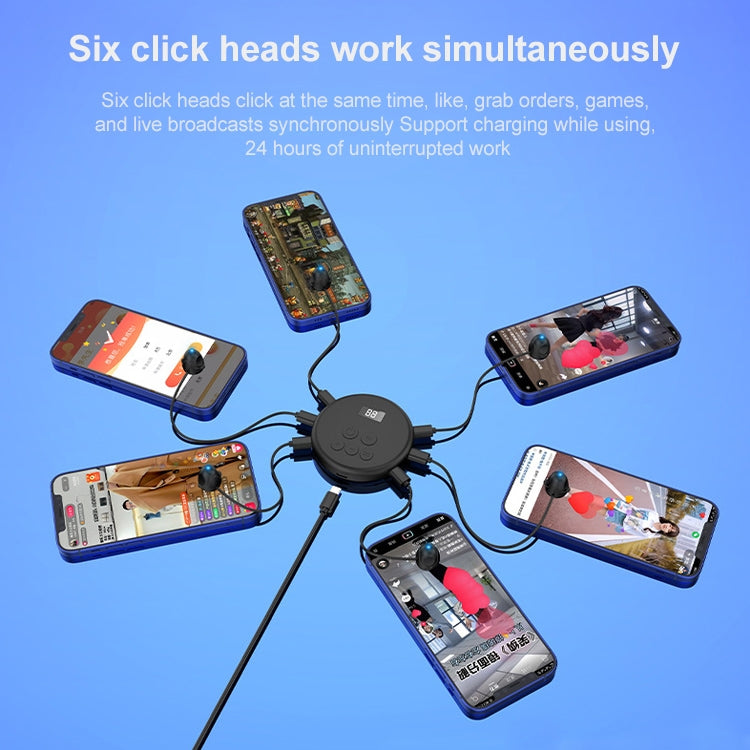 G30 Universal Digital Display Like Device Mobile Phone Automatic Screen Clicker, Style:One Machine with Six Head(Black) - free shipping - PMC TechLife - Order now!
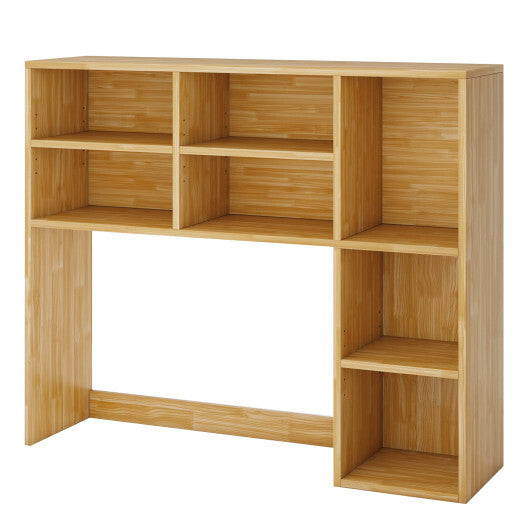 Desktop Bookshelf with 7 Open Cubbies and 3 Adjustable Shelves-Brown W2B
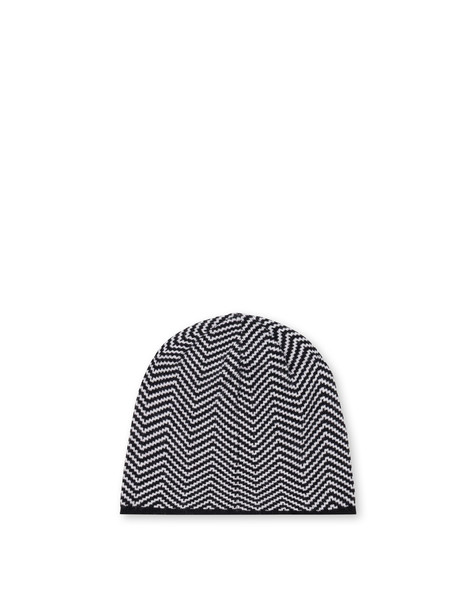 Weiche Mütze Aus Wollmischung Mit Chevron-druck Schwarz
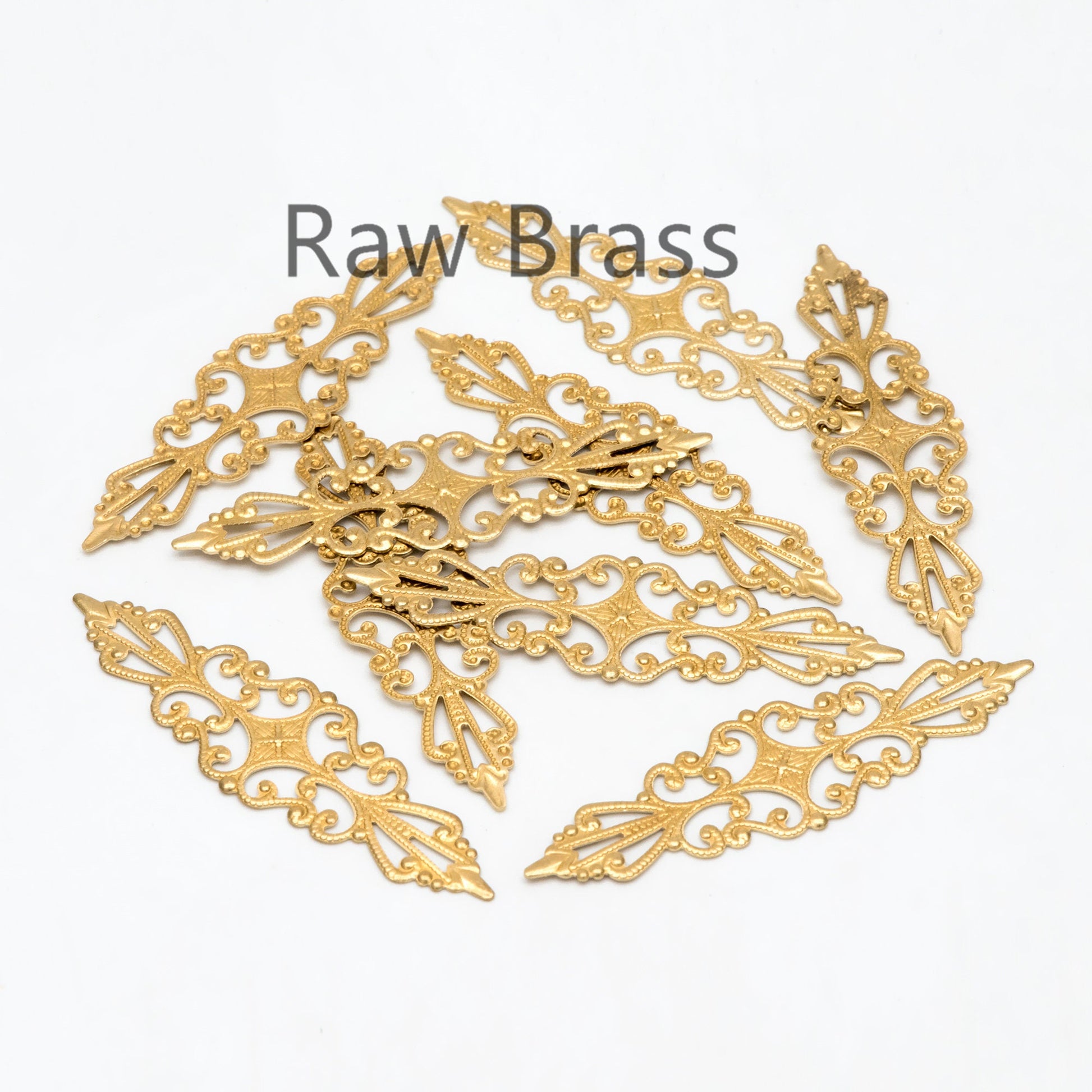 10pcs Raw Brass Stamping Filigree Flower Findings, Raw Brass Crafts, 57x16mm, Brass Findings Wholesale (RB-206)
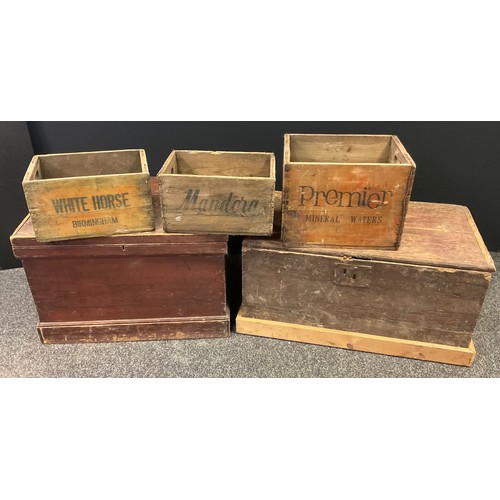 296 - A stained pine tool chest;  another;  R L Jones Mandora wooden crate; others, Premier etc (5)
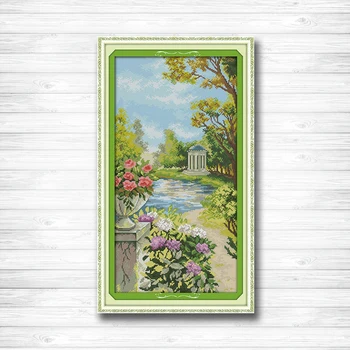 

The beautiful garden Europe Scenery dmc 14CT 11CT counted cross stitch Needlework Set Embroidery kits chinese cross stitch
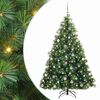 vidaXL Konstgjord julgran med 300 LED-lampor Gr&ouml;n 210 cm PE och PVC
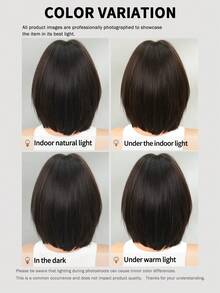 7JHH WIGS 深棕色短波波頭女用假髮,附瀏海,12英吋直髮合成纖維,免膠水耐熱纖維,逼真輕盈,適合日常與派對穿戴 - 深棕色 - 查看 8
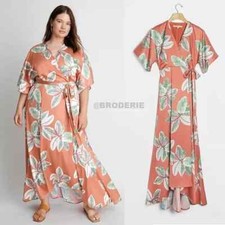 ANTHROPOLOGIE Bali Wrap Maxi Dress new with tag size XS ORANGE color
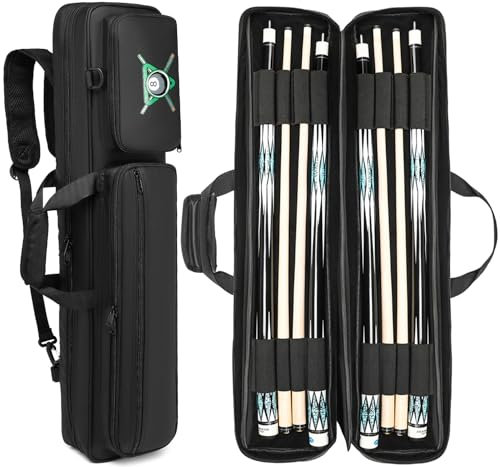 FRETHIND 4X4 Billard Queue Tasche wasserdichte Pool Cue Case für 4 Unterteile und 4 Schäfte weiche Pool Stick Tragetasche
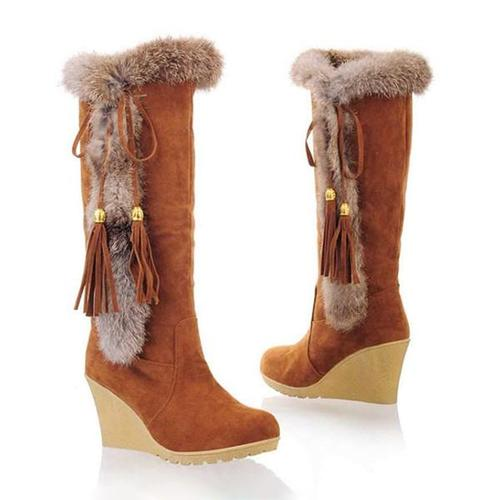 Women Wedge Heel Cotton Fur Warm Snow Boots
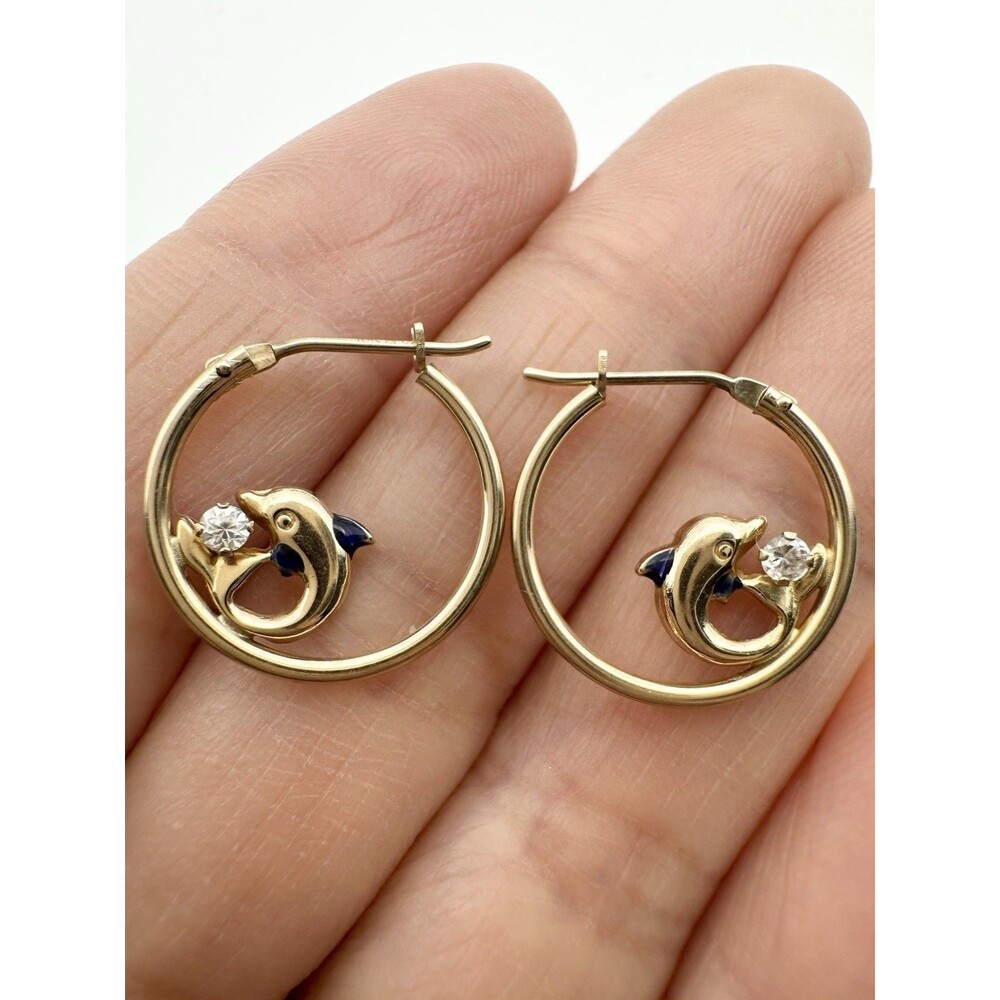 10k Gold Leaping Dolphin Hoop Earrings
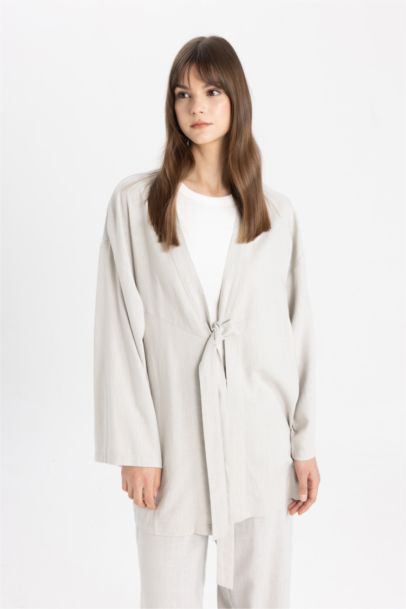 Kimono en Lin mélangé Col Châle coupe régulière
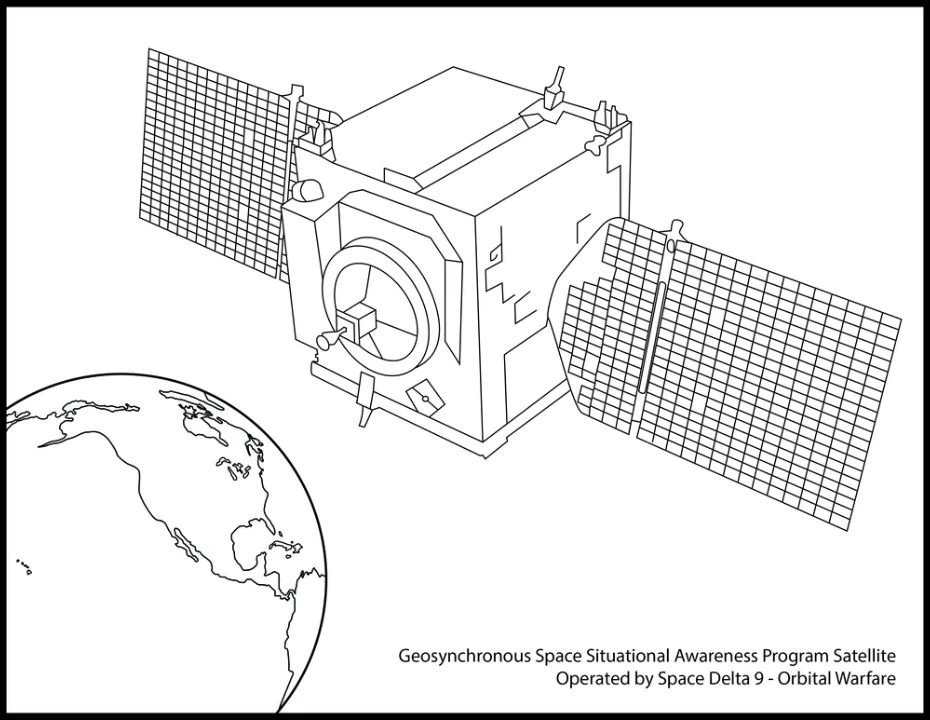 Official black-and-white line illustration of a GSSAP satellite with two solar arrays above a partial Earth.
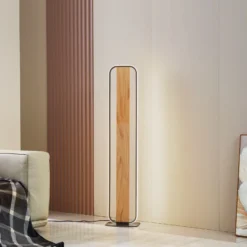 Lindby lámpara de pie LED Romilda, gris, madera, altura 122 cm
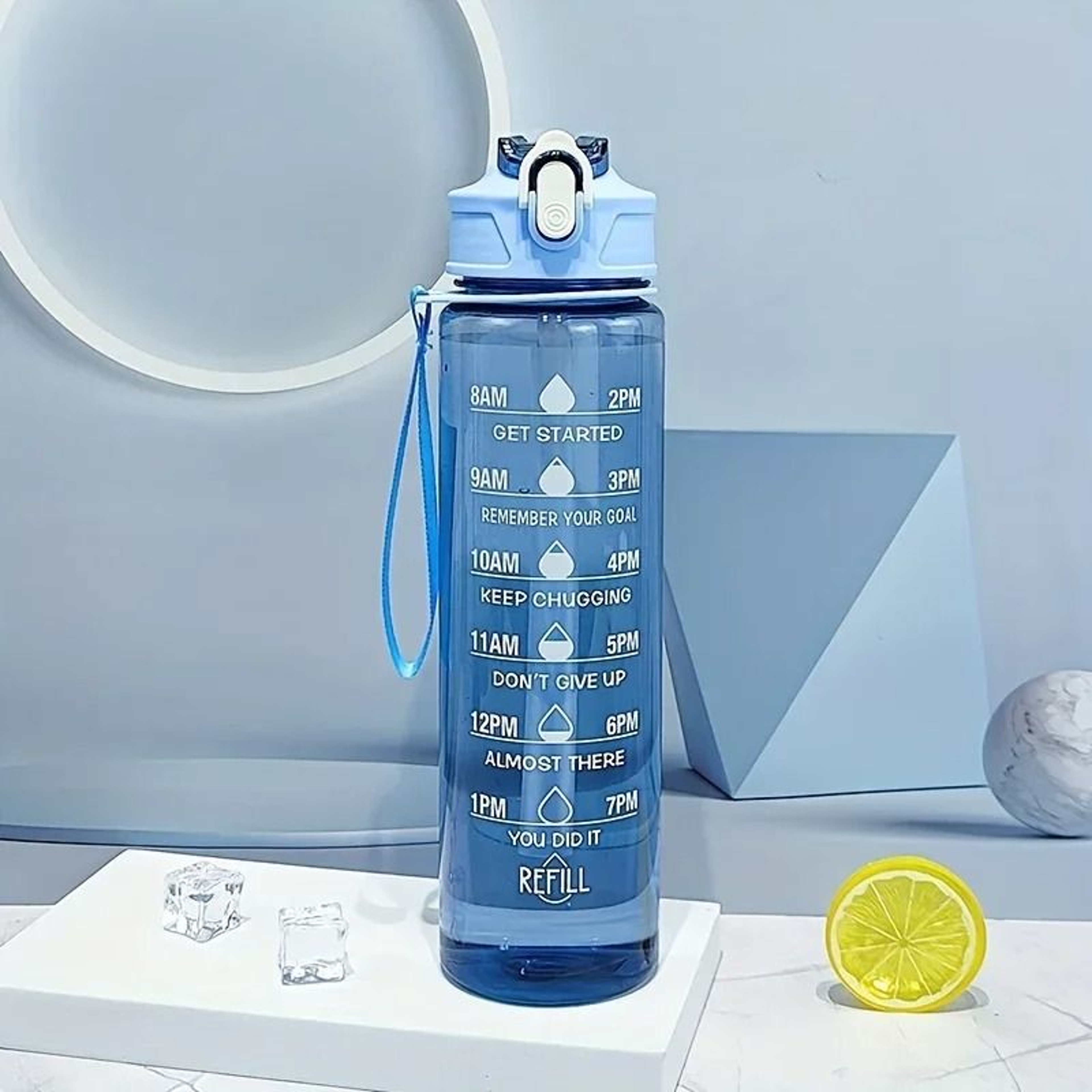Transparent Sports Water Bottle With Time Scale And Carry Strap 9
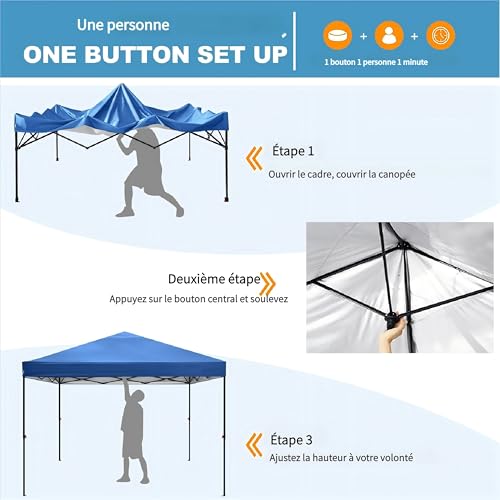 COBIZI Waterproof Stable Winterproof Pavilion with Bag with Wheels,Pop Up Folding Pavilion Party Tent,1 Person Install Sun Protection Garden Pavilion for Beach Wedding Camping - color: White, size: 8x8 ft (Without Sidewalls)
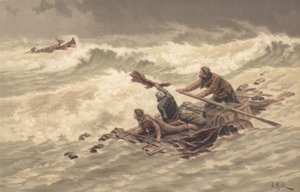 水手们抓住海上的残骸（彩色平版印刷） 作者 英国学校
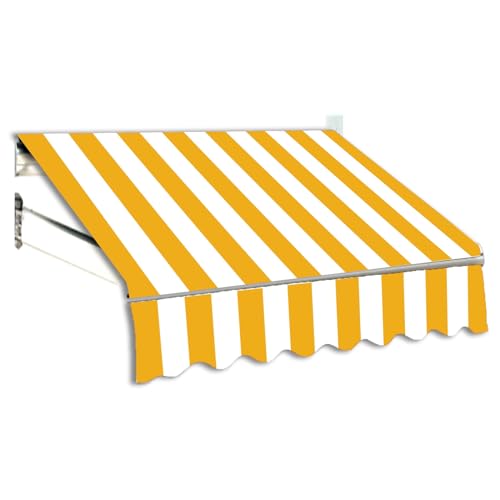 Ersatzdach 500x400cm Gelb Weiß Gestreift Polyester Canvas Sonnenschutz Hohe Lichtechtheit ideal für Fenster, Balkon und Geschäfte (nicht einziehbar) von Generisch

───

» Aim of the task: What you return must match the lines above from the one with "296 - A stained" through the one with "7JHH WIGS 深棕色短波波頭女用假髮,附瀏海,12英吋直髮合成纖維,免膠水耐熱纖維,逼真輕盈,適合日常與派對穿戴" exactly, with both ends included and the pictures excluded.

» Result for this exercise:
 296 - A stained pine tool chest;  another;  R L Jones Mandora wooden crate; others, Premier etc (5)

The beautiful garden Europe Scenery dmc 14CT 11CT counted cross stitch Needlework Set Embroidery kits chinese cross stitch
 vidaXL Konstgjord julgran med 300 LED-lampor Gr&ouml;n 210 cm PE och PVC
 7JHH WIGS 深棕色短波波頭女用假髮,附瀏海,12英吋直髮合成纖維,免膠水耐熱纖維,逼真輕盈,適合日常與派對穿戴 - 深棕色 - 查看 8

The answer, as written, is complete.